I know you're wondering what all of this has to do with the Hollow. It simply comes from a love of books and a simpler time when they occupied so much more of our lives. This was back when there were only three channels available on our television. My parents did not have the time or desire to read novels for pleasure. So, I have to wonder how the shelves in the den of our home became filled with so many books. As a child I would gaze up at them and just know wonderful things must be contained in such beautiful covers. I don't remember looking thru books at the pictures. I remember looking thru them and wanting to be able to read. Mom read to me a lot. I know she had to be so very tired of The Little Engine That Could.
I have a very vivid memory of the first book I brought home from our little school library - Casper. I never wanted to give it back.

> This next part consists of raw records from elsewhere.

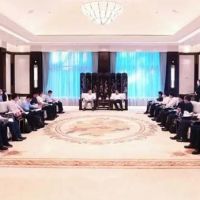 12個督察組同步進駐!國務院開展穩(wěn)增長穩(wěn)市場主體保就業(yè)專項督查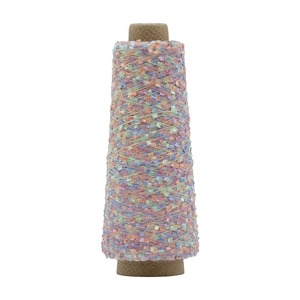 2025年12月27日_今日の1本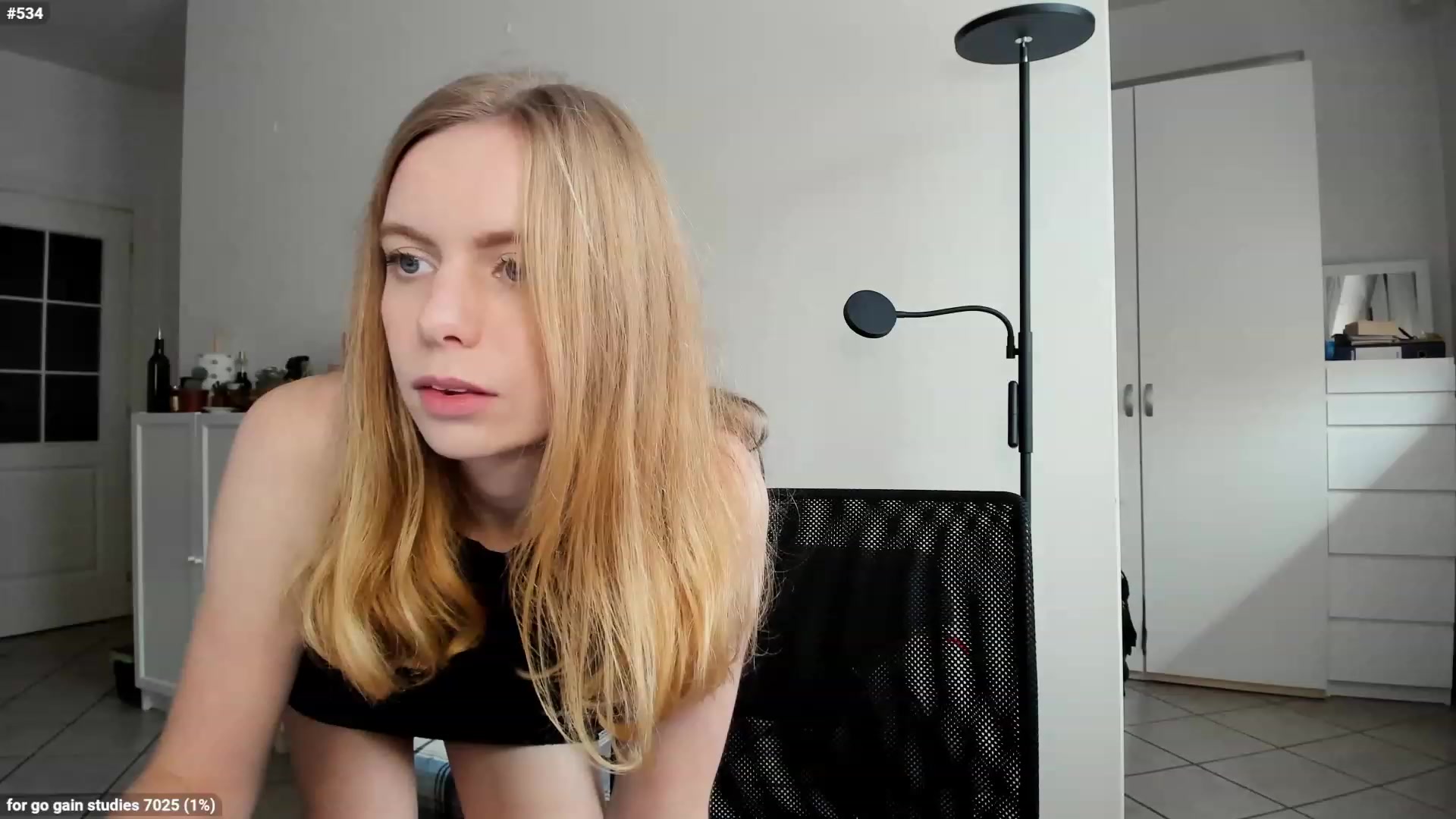 Gallery image thumbnail from Personage's myfreecams stream on, 11/29/2022, 14:55 image 12 of 20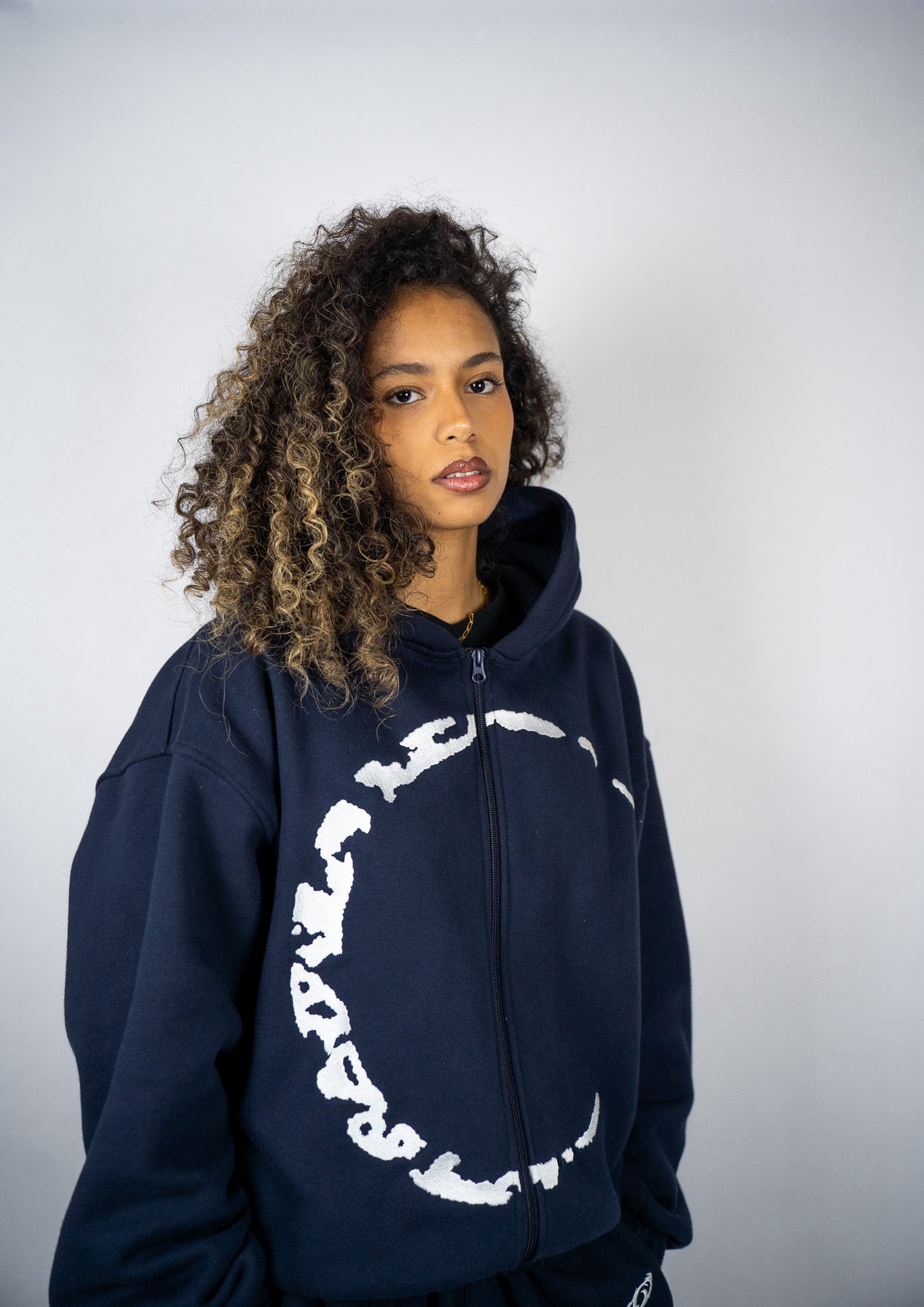 Zip "Nova"-thumbmail-11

We would have book fairs at school and I would always look thru them wishing I could buy one. One year I won a contest and received a free book at the fair. I don't remember what I did in class to win, but I do remember the book. It was a little book called The Empty Grave
and wasn't nearly as scary as it sounded. I was about 8 or 9 years old then. The first novel I ever read was The Black Stallion by Walter Farley.
After that, I found a way to buy every Walter Farley book I could find. Then came Barbara Cartland romance novels. A friend gave me The Thornbirds to read around that time. Let's just say I couldn't go back to Barbara after that and moved on to Harlequin Romances. Another friend loaned me The Shining by Stephen King. After that I read every Stephen King novel I could get my hands on. I still do, but he scares me sometimes. Definitely not the kind of books to read when you are alone in the house late at night. And, of course, I love reading Nora Roberts!
Years ago, my dear friend Sally, was reading Lightening by Dean Koontz. She was so excited every day telling me parts of the book, but not enough to give away the part. When she finally gave it to me, she would ask every day where I was in the book and we'd talk about it. Lightening is such a wonderful book and still one of my favorites. If you've never read a Koontz novel, I recommend Lightening or Life Expectancy to start.
During a difficult time in my life, I wrote to Mr. Koontz. I wanted to tell him about Sally and how much joy his books had brought to us both over the years. I don't remember everything I put in that letter. I do remember telling him that I didn't know what had happened in his life to be able to write such wonderful novels or such strong women characters, but I was glad for the impact it had on my life. An amazing thing happened. Not only did Mr. Koontz personally write back, he sent me one of Trixie's (his beloved dog, inspiration and author in her own right) books. As if I wasn't a big enough fan before! So, you see, I could never keep him in my basement.
I bought his latest novel, Relentless, the day it was released. I told myself to read it slowly, maybe a chapter a night. I didn't even make it a week before I had to finish it. If you love reading books, you know what I mean. So, as you're looking for something new to read this summer, consider one of his books. Most often, you are assured of a happy ending. It may not be the ending you want, expect or need, but it will be happy. Isn't it that way in life too?